UK sets up ‘Indiana Jones-style’ team to rescue historic sites from ISIS
The director of the British Museum said he is working with colleagues in Iraq to ‘establish a specialist corps of rescue archaeologists’
Britain will set up a team of “rescue archaeologists,” mirroring the fictional archeologist Indiana Jones, to salvage historic site from the Islamic State of Iraq and Syria (ISIS) group, UK paper the Daily Mail reported.
A group of curators from the UK will travel to Iraq, Syria, and Libya where they will work with fellow curators there to identify any items that could be rescued.
Director of the British Museum Neil MacGregor said he is working with colleagues in Iraq to “establish a specialist corps of rescue archaeologists” in the embattled country.
The team would be part of an Emergency Heritage Management program the UK is trying to set up.
In addition to attempts to restore damaged ancient sites, the team will make digital recordings of valued areas that are beyond repair in effort to preserve an accurate image for future generations to see.
The 2014 film The Monuments Men told the story of an Allied group at the end of the Second World War that was talked with finding and saving pieces of art and other important items before they were stolen or destroyed by the Nazis.
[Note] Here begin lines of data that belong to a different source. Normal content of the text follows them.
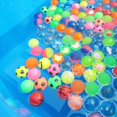 thumbnail image 3 of 10Pcs Color 27mm Bouncy Jet Balls Kids Toy For Pinata Loot Party Bag Fillers, 3 of 5
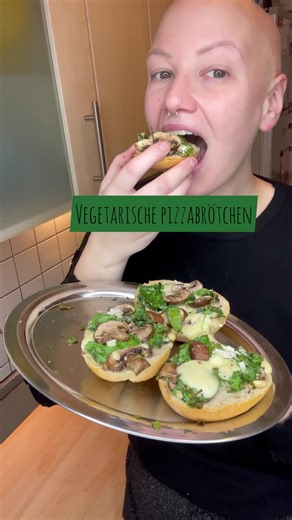 Köstliche Vegetarische Pizzabrötchen Zubereitung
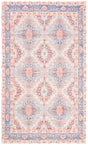 Safavieh Saffron 3'-0" x 5'-0" Rug in Blue / Rust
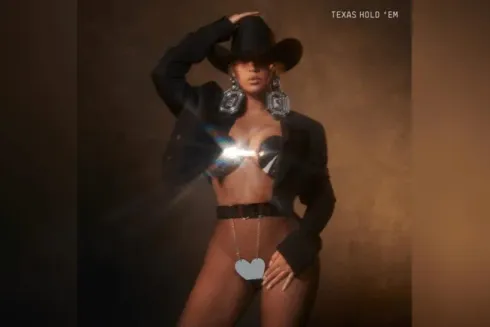 Capa do single "Texas Hold'em", de Beyoncé (Foto: Reprodução/YouTube @beyonce)
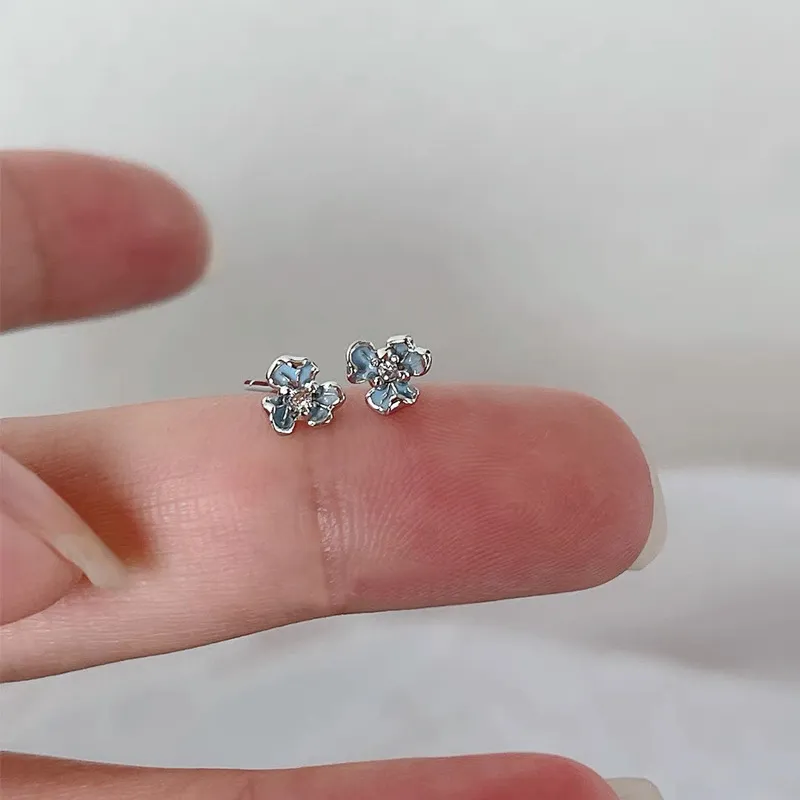 BING STUDIO Zircon Stud Earrings Women's-2
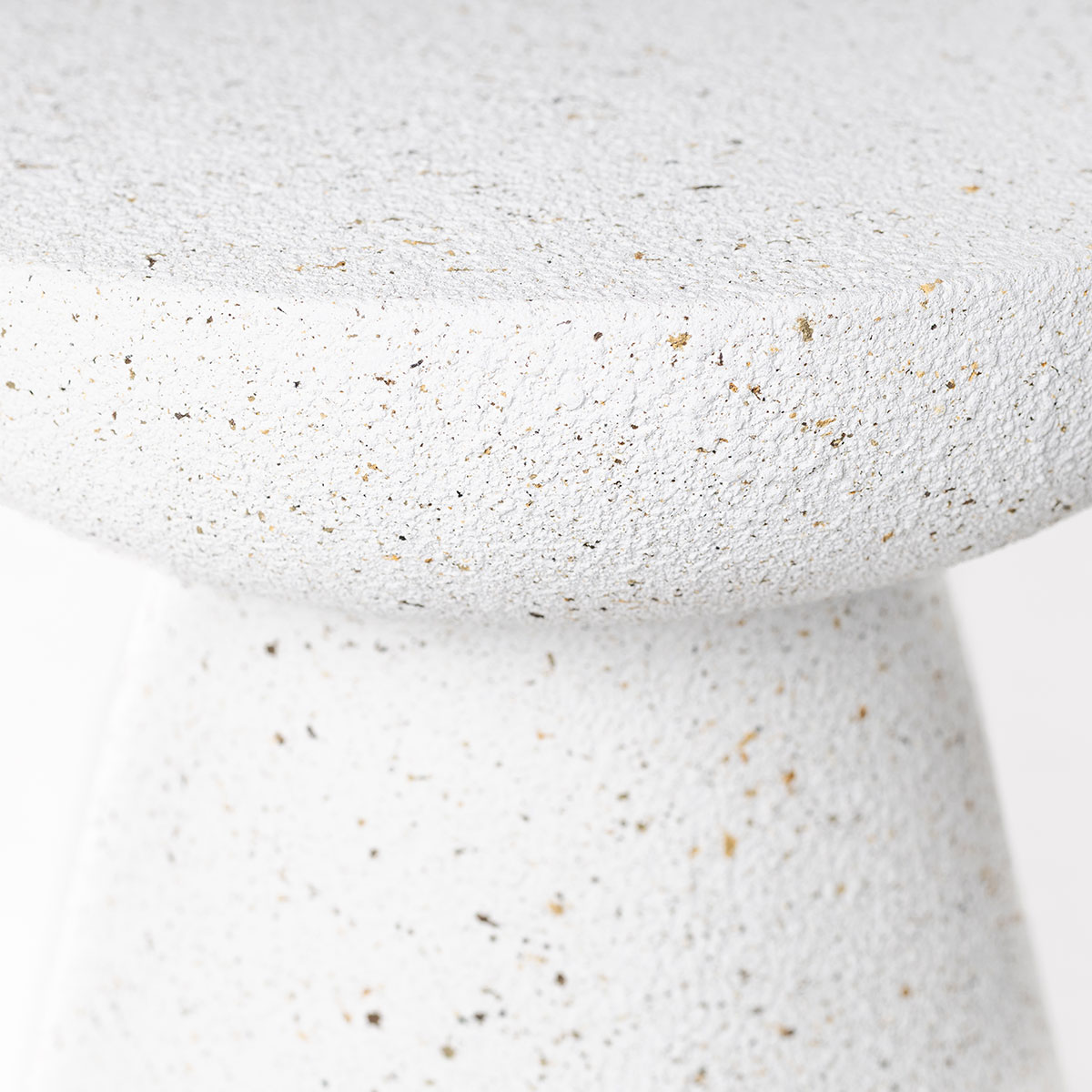 Mesa auxiliar blanca 40cm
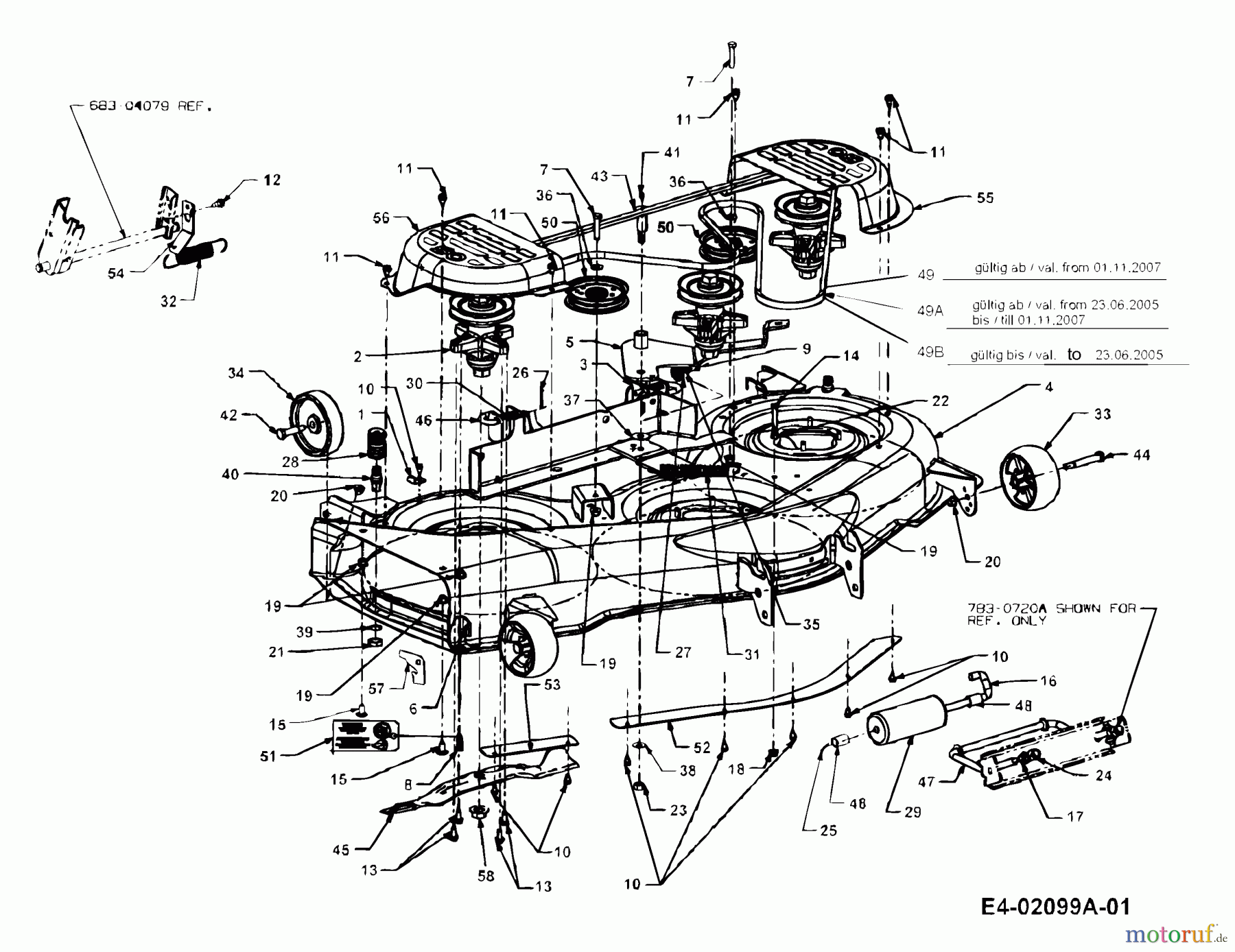  Cub Cadet Gartentraktoren GT 1223 14AP13CP603  (2006) Mähwerk P (50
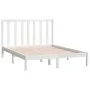 Solid white pine wood bed frame 140x190 cm by vidaXL, Beds and slatted bases - Ref: Foro24-3106619, Price: 122,97 €, Discount: %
Separately, politicians plan on introducing legislation that would ratify the Hague Convention on the Protection of Cultural Property in the Event of Armed Conflict, according to the Mail.
The budget for the fund is yet to be decided and sources quoted by the mail said it would “safeguard the heritage of countries affected by conflict or at risk of coming under attack for ideological reasons.”
“While the UK’s priority will continue to be the human cost of these conflicts, I am in no doubt we must also do what we can to prevent any further cultural destruction. The loss of a country’s heritage threatens its very identity,” Whittingdale said.
ISIS has destroyed priceless antiquities in neighboring Iraq. When the militant group stormed the ancient Syrian city of Palmyra, the country’s antiquities chief voiced fears it might devastate the historic site, home to renowned Roman ruins including temples, colonnades and an amphitheatre. The militants later said they would only destroy statues deemed “pagan idols” in the extremist interpretation of Islam they follow.